(Sant’Angelo in Vado 1543 - Ancona 1609)
The Martyrdom of Saint Lawrence
Made up at the lower corners, and laid down.
530 x 285 mm. (20 7/8 x 11 1/4 in.) at greatest dimensions.
James Mundy has kindly confirmed the attribution of the present sheet, and has noted that it is an autograph version or copy of another drawing by Federico Zuccaro, of similar dimensions, in the collection of the Uffizi in Florence. He further suggests that the present sheet and the Uffizi drawing, which both show significant differences from the finished painting, particularly in the background, should be regarded as studies for the Fermo altarpiece, for which no other preparatory drawings are known.

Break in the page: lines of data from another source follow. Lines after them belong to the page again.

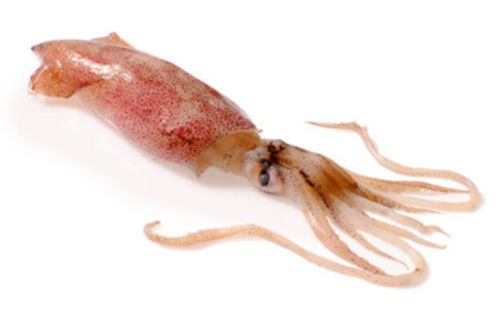 Frozen Squids, Packaging Type : Poly Bag Cartons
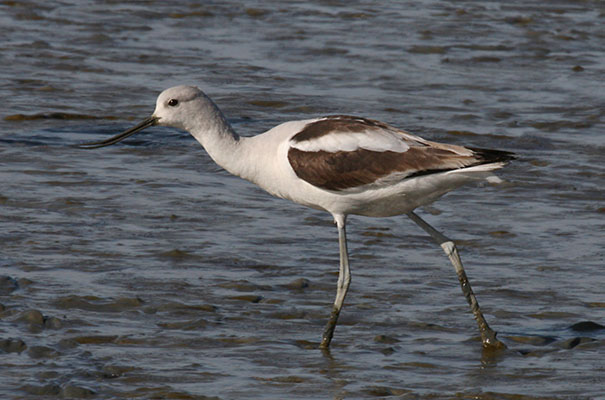 Recurvirostra americana - The American Avocet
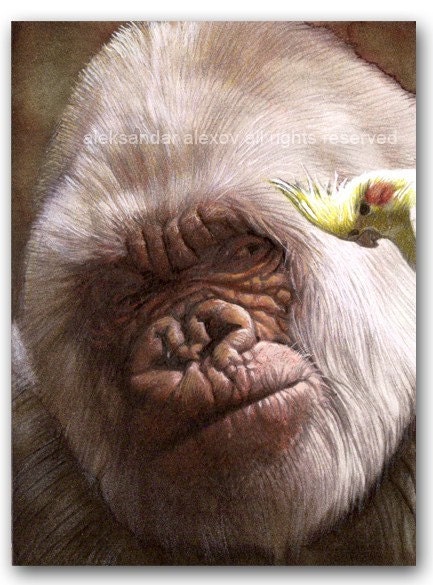 Albino Gorilla and Yellow Parrot ACEO Print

This drawing bears the collector’s mark of the Cypriot art dealer and collector Nicos Dhikeos (1896-1987), who had settled in France by 1916. He lived in Lyon, where he owned a gallery dealing in Old Masters, and from 1930 onwards assembled a large and varied group of Old Master and 19th Century drawings, primarily of the Italian and French schools. While much of his collection were acquired at auction, Dhikeos also bought large groups of drawings from the heirs of the 20th century collectors Dr. A. Tardieu and Louis Maudet. The drawings were largely dispersed in the years following Dhikeos’s death in 1987, and sheets from the collection are today in the British Museum in London, the J. Paul Getty Museum in Los Angeles, the Metropolitan Museum of Art and the Pierpont Morgan Library in New York, the Louvre in Paris and the National Gallery of Art in Washington D.C., among many other institutions.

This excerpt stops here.